*Recorded data*.
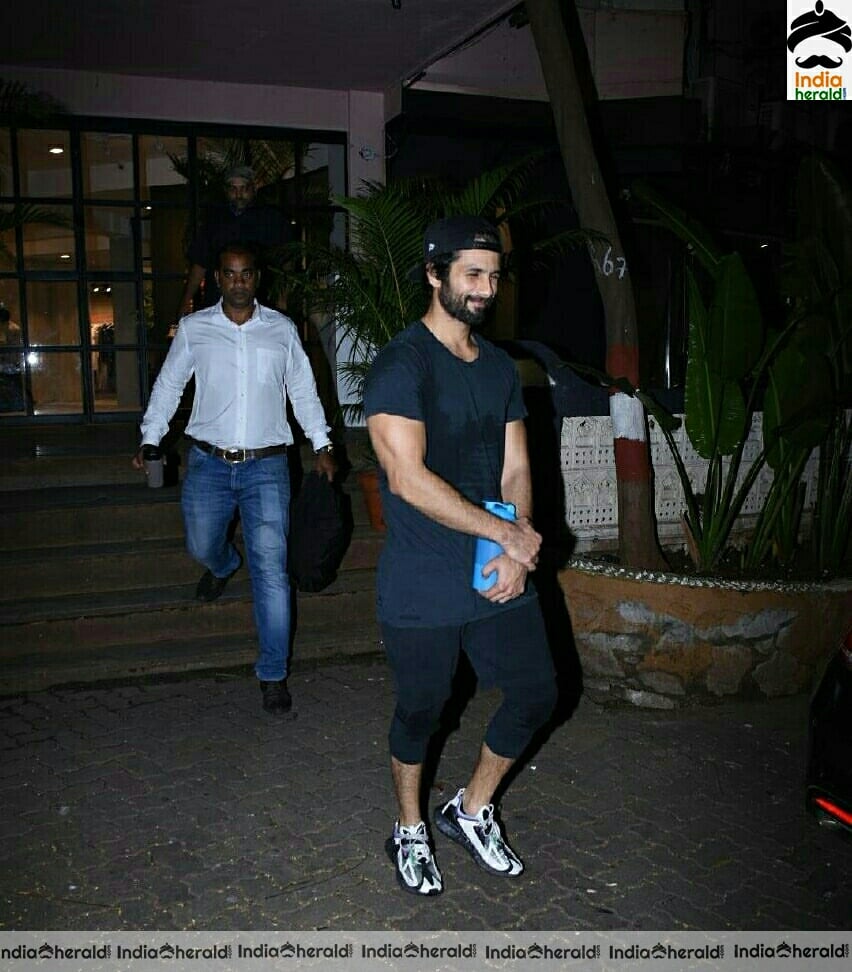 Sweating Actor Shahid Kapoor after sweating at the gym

* * *

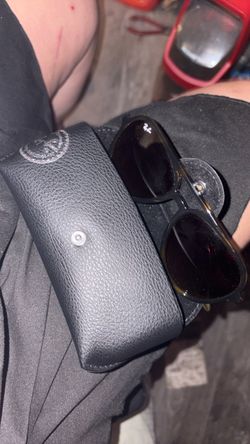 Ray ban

...

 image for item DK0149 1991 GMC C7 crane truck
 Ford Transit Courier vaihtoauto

*Exercise prompt*. Retype only the lines above between the line with "image for item" and the line with "Ford Transit Courier vaihtoauto", counting those two lines as well, and keep every character as it is.

*Finished exercise*.
 image for item DK0149 1991 GMC C7 crane truck
 Ford Transit Courier vaihtoauto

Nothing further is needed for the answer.